• _What is expected_: Could you print out every entry, character for character?

• _Web page caption snippets_:

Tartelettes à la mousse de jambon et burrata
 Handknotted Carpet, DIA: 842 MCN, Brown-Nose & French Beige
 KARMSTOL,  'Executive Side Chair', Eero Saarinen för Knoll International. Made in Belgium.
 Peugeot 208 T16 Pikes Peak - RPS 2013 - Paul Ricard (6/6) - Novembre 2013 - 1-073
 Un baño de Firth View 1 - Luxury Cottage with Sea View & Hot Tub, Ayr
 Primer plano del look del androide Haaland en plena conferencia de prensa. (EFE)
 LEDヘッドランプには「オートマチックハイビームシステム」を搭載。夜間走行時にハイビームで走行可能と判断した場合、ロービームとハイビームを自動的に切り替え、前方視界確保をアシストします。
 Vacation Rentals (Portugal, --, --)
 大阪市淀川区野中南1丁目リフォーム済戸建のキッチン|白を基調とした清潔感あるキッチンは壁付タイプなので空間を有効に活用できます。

• _Answer space_:
Tartelettes à la mousse de jambon et burrata
 Handknotted Carpet, DIA: 842 MCN, Brown-Nose & French Beige
 KARMSTOL,  'Executive Side Chair', Eero Saarinen för Knoll International. Made in Belgium.
 Peugeot 208 T16 Pikes Peak - RPS 2013 - Paul Ricard (6/6) - Novembre 2013 - 1-073
 Un baño de Firth View 1 - Luxury Cottage with Sea View & Hot Tub, Ayr
 Primer plano del look del androide Haaland en plena conferencia de prensa. (EFE)
 LEDヘッドランプには「オートマチックハイビームシステム」を搭載。夜間走行時にハイビームで走行可能と判断した場合、ロービームとハイビームを自動的に切り替え、前方視界確保をアシストします。
 Vacation Rentals (Portugal, --, --)
 大阪市淀川区野中南1丁目リフォーム済戸建のキッチン|白を基調とした清潔感あるキッチンは壁付タイプなので空間を有効に活用できます。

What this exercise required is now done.